Comparons avec le professionnel. Notre génération n’est plus faite pour rester dans la même boîte toute sa vie, je ne connais même aucun vingtenaire qui aspire à ça. Oui, la
stabilité de l’emploi, c’est confortable mais faut bien être conscient que la progression professionnelle passe plus aujourd’hui par les mouvements externes que par les mouvements internes. Quitter une boîte pour tenter l’aventure ailleurs (en général, meilleure boîte, meilleur poste, meilleur salaire) est toujours vu comme un signe de réussite. En amour, mettre fin à un couple qui était condamné est systématiquement un échec. Alors que si rester ensemble, c’est faire deux malheureux, je ne vois pas où est la réussite, très franchement. Bien sûr, une rupture ça fait mal. L’an dernier, j’en ai vécu une qui me rendait si malheureuse que j’aurais eu le courage de me fracasser la tête contre les murs pour oublier, je l’aurais fait. Ca n’aurait servi à rien d’autre qu’à me faire du mal à moi (physiquement, en plus) mais également au garçon qui m’avait quittée et qui ne l’avait surtout pas fait par sadisme, il s’en voulait énormément. Mais bon, c’est la vie,
je ne lui en veux plus du tout. On n’était pas faits pour être heureux ensemble, les circonstances nous étaient défavorables, il n’y a finalement ni coupable, ni victime.
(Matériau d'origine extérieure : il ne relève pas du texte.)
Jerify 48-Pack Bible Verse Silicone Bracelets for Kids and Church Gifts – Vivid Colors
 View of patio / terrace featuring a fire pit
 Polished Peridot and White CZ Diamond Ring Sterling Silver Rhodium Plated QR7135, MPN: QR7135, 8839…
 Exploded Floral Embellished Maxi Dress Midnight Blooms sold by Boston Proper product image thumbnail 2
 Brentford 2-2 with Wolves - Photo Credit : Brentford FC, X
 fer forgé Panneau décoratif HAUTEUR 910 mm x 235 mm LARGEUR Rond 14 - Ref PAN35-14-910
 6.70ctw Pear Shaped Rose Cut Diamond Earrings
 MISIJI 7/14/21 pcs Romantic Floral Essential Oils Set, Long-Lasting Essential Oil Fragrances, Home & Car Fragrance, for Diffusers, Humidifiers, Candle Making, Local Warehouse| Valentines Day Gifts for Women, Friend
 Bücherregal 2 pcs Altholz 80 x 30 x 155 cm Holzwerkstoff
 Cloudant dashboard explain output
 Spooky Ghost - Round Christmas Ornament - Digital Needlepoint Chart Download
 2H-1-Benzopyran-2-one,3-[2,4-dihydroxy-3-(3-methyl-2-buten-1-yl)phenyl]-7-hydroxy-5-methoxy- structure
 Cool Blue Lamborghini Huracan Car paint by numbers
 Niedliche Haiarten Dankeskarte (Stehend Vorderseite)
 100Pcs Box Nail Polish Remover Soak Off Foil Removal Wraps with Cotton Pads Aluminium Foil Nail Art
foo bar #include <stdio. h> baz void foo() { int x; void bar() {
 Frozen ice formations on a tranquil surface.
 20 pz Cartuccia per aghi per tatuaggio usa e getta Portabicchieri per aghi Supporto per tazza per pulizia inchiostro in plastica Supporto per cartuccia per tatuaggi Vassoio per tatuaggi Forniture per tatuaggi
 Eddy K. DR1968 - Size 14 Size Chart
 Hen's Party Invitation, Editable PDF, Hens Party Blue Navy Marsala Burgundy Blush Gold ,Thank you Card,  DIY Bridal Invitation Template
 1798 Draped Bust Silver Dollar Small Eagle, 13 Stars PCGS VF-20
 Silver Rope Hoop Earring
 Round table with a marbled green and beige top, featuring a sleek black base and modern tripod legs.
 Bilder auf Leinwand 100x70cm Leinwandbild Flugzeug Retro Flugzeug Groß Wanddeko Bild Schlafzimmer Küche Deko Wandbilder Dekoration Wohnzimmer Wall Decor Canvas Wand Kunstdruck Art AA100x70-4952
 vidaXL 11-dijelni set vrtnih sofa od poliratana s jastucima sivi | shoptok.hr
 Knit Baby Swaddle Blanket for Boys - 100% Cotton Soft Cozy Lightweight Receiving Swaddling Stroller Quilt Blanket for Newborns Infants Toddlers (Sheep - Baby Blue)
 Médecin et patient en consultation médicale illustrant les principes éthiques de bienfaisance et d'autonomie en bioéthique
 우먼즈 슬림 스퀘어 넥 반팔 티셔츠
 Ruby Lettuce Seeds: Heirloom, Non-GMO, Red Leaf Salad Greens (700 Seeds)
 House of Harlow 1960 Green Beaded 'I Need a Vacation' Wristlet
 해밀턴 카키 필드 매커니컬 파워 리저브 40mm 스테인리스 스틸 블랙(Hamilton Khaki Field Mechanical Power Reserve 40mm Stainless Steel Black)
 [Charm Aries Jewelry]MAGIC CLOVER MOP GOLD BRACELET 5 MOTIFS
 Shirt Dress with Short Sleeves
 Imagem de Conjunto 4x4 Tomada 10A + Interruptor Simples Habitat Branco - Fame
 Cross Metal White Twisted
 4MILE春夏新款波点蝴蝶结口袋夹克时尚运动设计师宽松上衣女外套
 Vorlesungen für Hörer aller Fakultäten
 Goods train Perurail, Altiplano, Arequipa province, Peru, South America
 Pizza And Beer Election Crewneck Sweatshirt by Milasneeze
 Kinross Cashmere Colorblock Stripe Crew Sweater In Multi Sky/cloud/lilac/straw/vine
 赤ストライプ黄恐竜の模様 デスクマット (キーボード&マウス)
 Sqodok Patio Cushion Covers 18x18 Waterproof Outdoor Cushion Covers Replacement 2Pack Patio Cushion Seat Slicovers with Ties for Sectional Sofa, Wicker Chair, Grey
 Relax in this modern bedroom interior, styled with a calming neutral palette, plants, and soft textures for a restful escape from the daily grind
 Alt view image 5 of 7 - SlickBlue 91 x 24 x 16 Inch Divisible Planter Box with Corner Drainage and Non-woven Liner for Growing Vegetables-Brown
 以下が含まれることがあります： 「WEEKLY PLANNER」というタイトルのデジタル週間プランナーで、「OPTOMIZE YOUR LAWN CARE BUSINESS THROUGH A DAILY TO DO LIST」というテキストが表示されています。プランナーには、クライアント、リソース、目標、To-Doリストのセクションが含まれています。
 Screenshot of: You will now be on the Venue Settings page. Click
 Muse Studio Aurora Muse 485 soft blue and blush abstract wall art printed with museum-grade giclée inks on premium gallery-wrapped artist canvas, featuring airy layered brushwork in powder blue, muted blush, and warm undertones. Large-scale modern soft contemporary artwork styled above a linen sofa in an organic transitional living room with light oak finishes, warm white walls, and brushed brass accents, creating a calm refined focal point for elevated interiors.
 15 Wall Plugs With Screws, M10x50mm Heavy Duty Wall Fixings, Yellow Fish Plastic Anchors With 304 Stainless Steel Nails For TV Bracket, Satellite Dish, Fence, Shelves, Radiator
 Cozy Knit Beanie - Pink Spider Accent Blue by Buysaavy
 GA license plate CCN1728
Aujourd’hui, je suis presque heureuse d’avoir vécu ça. Notre histoire bien sûr, qui aura toujours une saveur particulière pour moi mais aussi cette rupture difficile parce que je m’en suis sortie. La prochaine fois que je pleurerai à m’en fracasser la tête pour oublier, je saurai que je finirai par m’en sortir, faudra juste prendre mon temps pour ça. Là, encore, à bien y réfléchir, je ne vois pas bien l’échec. C’était juste qu’on y a cru alors que c’était clair que ça ne marcherait pas, on a fait preuve de naïveté, sans doute, mais de là à parler d’échec… Toutes les histoires ne sont pas faites pour durer, c’est pas une raison pour parler de gâchis. Je sais que si je vais mal, je n’ai qu’à décrocher mon téléphone pour lui parler, on a connu pire comme échec, non ?

En fait, je n’aime pas cette notion d’échec amoureux, c’est trop absolu. J’ai l’impression qu’en amour, c’est tout ou rien : t’es en couple, t’as réussi, t’es célibataire, t’as échoué. Manichéisme, mon amour ! La nuance, c’est pas fait pour les chiens. Surtout que je connais des maqués malheureux et des célibataires heureux, arrêtons un peu de classer les gens
dans des stéréotypes lourds à porter. C’est pas parce que je suis célibataire que je passe mes soirées à me gaver de nutella pour oublier que j’ai pas d’amoureux surtout qu’à priori, se gaver de nutella ne m’aidera pas à trouver the only one… Si les hommes préféraient les geignardes chocolaïnomanes, ça se saurait.

 

Alors, oui, ça me déprime et ça me gonfle cet état d’échec amoureux qu’on colle aux célibataires ou ceux qui viennent de vivre une rupture. Déjà, une rupture n’est pas
nécessairement une mauvaise chose même si elle n’est pas facile à vivre. Mais c’est comme quitter une boîte : on est triste de dire au revoir aux collègues, on est un peu effrayés par ce
qu’il va suivre mais c’est pour notre bien. Pourquoi n’aurait-on pas le droit, en amour, de mettre fin à une situation qui ne nous convient plus sans forcément passer pour un perdant ? A moins que tout ceci ne soit un complot gigantesque du consortium « ma vie est trop moche, je mange du nutella, pleure dans mes kleenex et regarde des films d’amour avant d’écouter la chanson trop romantique qui me refera utiliser des kleenex ». Mmmm.